KBHC

Nashville, Arkansas; United States;
- Broadcast area: Texarkana
- Frequency: 1260 kHz

Programming
- Format: Spanish

Ownership
- Owner: Arklatex Radio, Inc.
- Sister stations: KMTB; KNAS;

History
- First air date: 1959
- Last air date: March 12, 2019
- Call sign meaning: Keep Building Howard County

Technical information
- Facility ID: 2310
- Class: D
- Power: 500 watts day only

= KBHC (Arkansas) =

Radio station in Nashville, Arkansas (1959–2019)

KBHC (1260 AM) was a radio station serving the Texarkana area with a Hispanic format. The station was under the ownership of Arklatex Radio, Inc.

Established in 1959, the station served the Howard County and Texarkana regions for sixty years before its license was cancelled by the Federal Communications Commission (FCC) in 2019.

The station was founded by R.G. McKeever and began regular broadcast operations in May 1959. The call letters were originally selected as an acronym for the civic slogan "Keep Building Howard County" For much of its early history, KBHC operated as a "daytimer," providing local news, agricultural reports, and music to the community from its studios at 1513 S. Fourth Street. In the 1980s, the station was owned by the Gathright family, with Annie Nell Gathright serving as president and Bill Gathright leading the news department.

Initially, the station carried a country and western format. For many years, it broadcast from a distinctive facility at 1513 S. Fourth St., where local announcers played vinyl records on turntables.
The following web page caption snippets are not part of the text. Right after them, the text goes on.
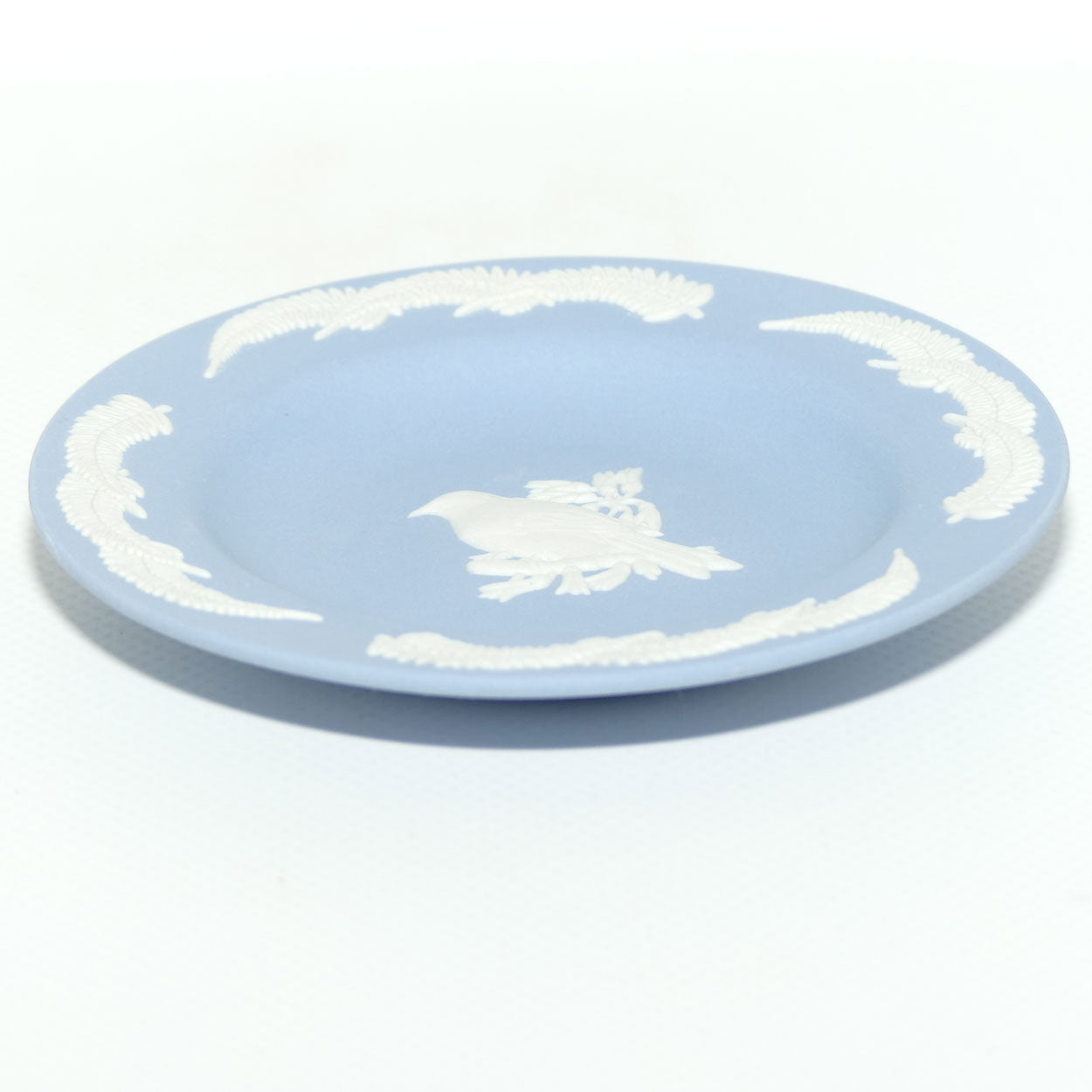 Wedgwood Jasper | New Zealand Fauna | White on Pale Blue | Bell Bird Plate | Boxed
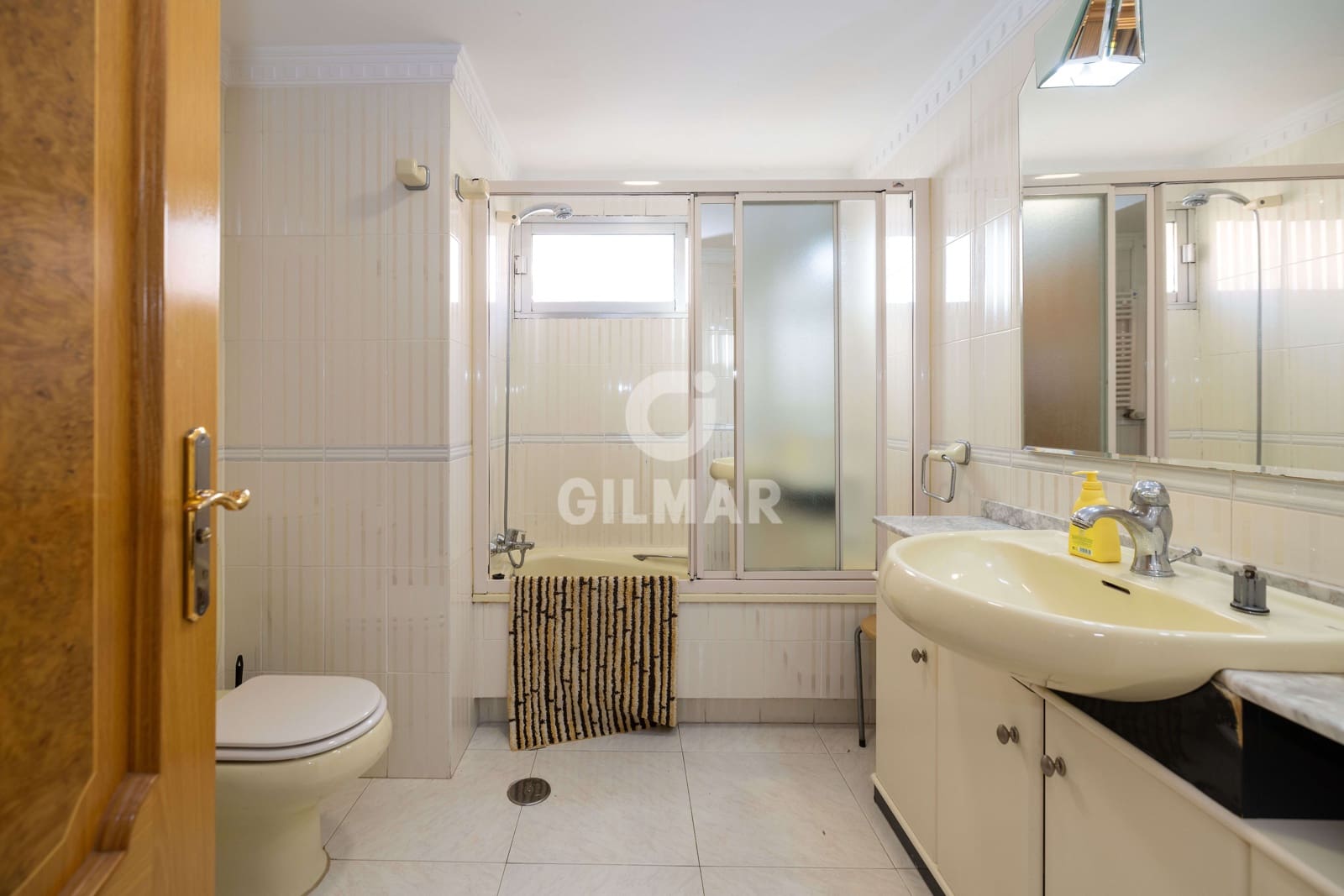 3 soveværelse Lejlighed til salg i Malaga by med garage - € 965.000 (Ref: 9219547)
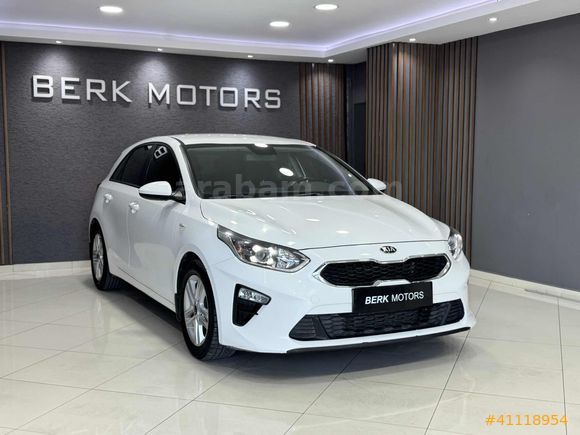 HATASIZ BOYASIZ 2020 MODEL KİA CEED 1.0 TURBO COOL TEKNA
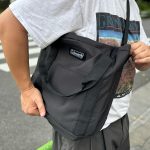 ボトムを手で掴んで前方にくるっと回せる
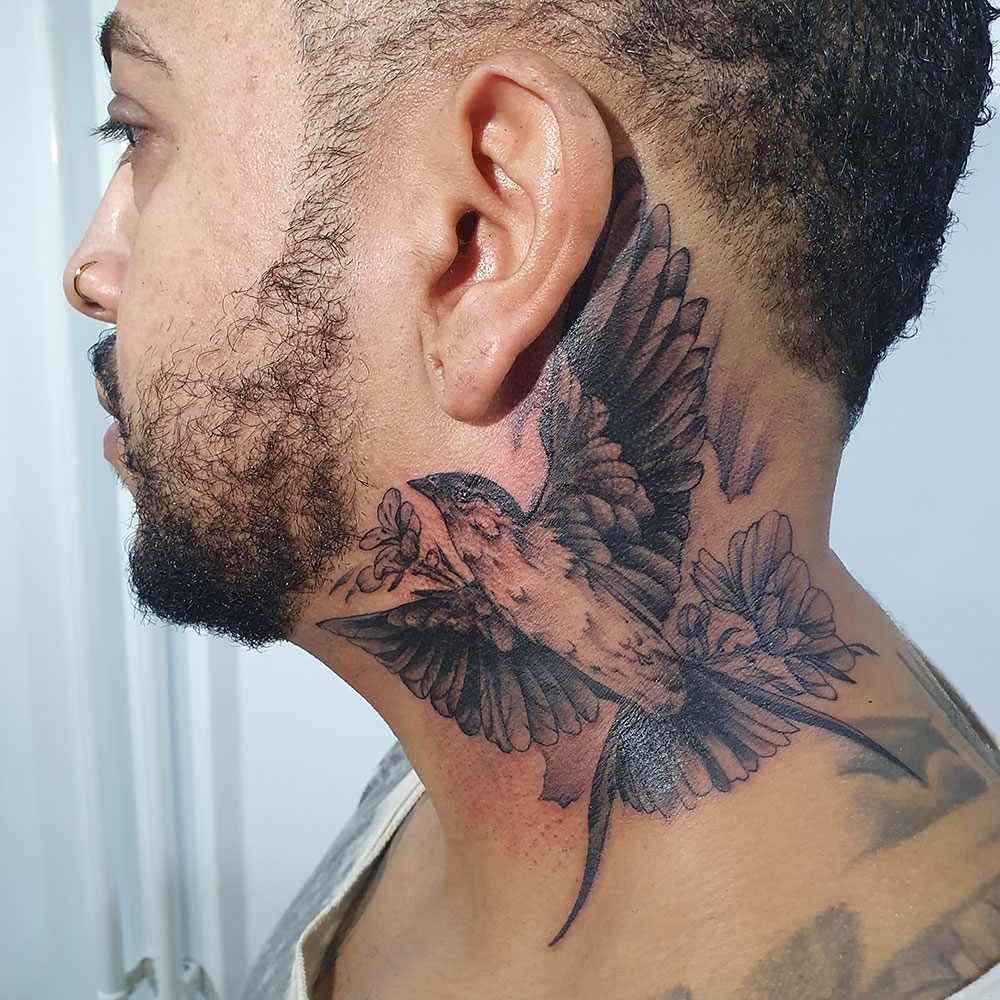 Handgetekende vogel in de nek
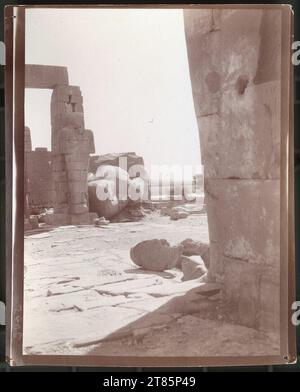 Anonyme Luxor, Ramesseum, couché statue colossale Ramsès II .. Papier d'extension en gélatine chlorship lilber 20.11.1910 , 1910-11-20 Banque D'Images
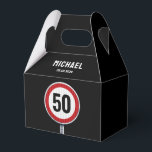 Snelheidslimiet verkeersbord met CUSTOM AGE verjaa Bedankdoosjes<br><div class="desc">Pas je leeftijd aan voor het perfecte verjaardagsfeestje voor auto's en chauffeurs. Rood verkeerssnelheidsteken met een moderne grafische stijl. Controleer of er overeenkomende collecties zijn die de OBJECTEN COÖRDINEREN. Originele kunstwerken van PUPSIKU STUDIO. 100% uniek product</div>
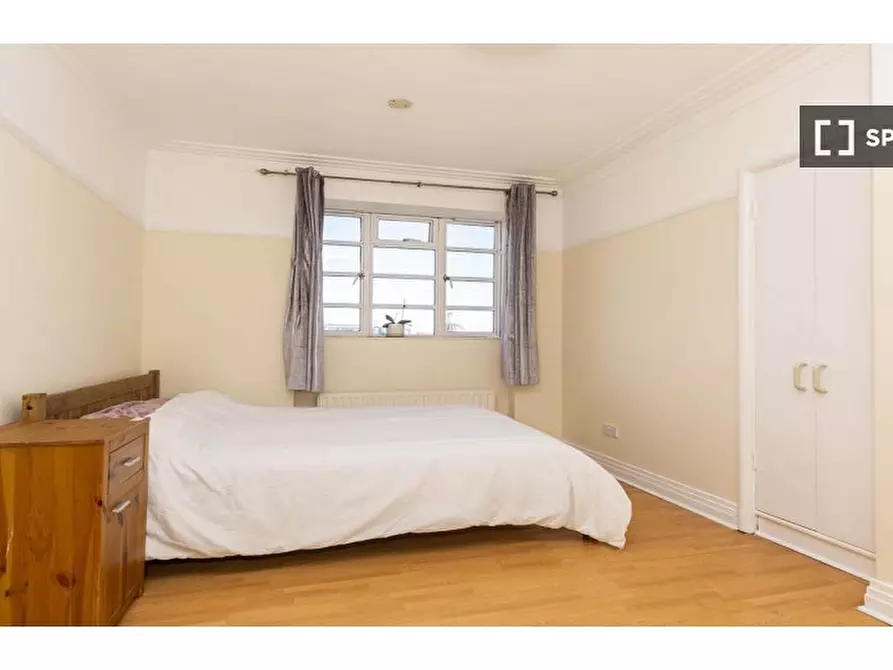 Immagine 6 di Appartamento in affitto  in Mornington Pl a Camden Town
In its later years, the station was acquired by Arklatex Radio, Inc. and transitioned to a Spanish-language format to serve the regional Hispanic community.

Arklatex Radio, Inc., which managed the station alongside its FM sisters, KNAS and KMTB.
KBHC ceased operations on May 28, 2017. Due to being silent for more than a year, the Federal Communications Commission officially cancelled the station's license and deleted the call sign on March 12, 2019.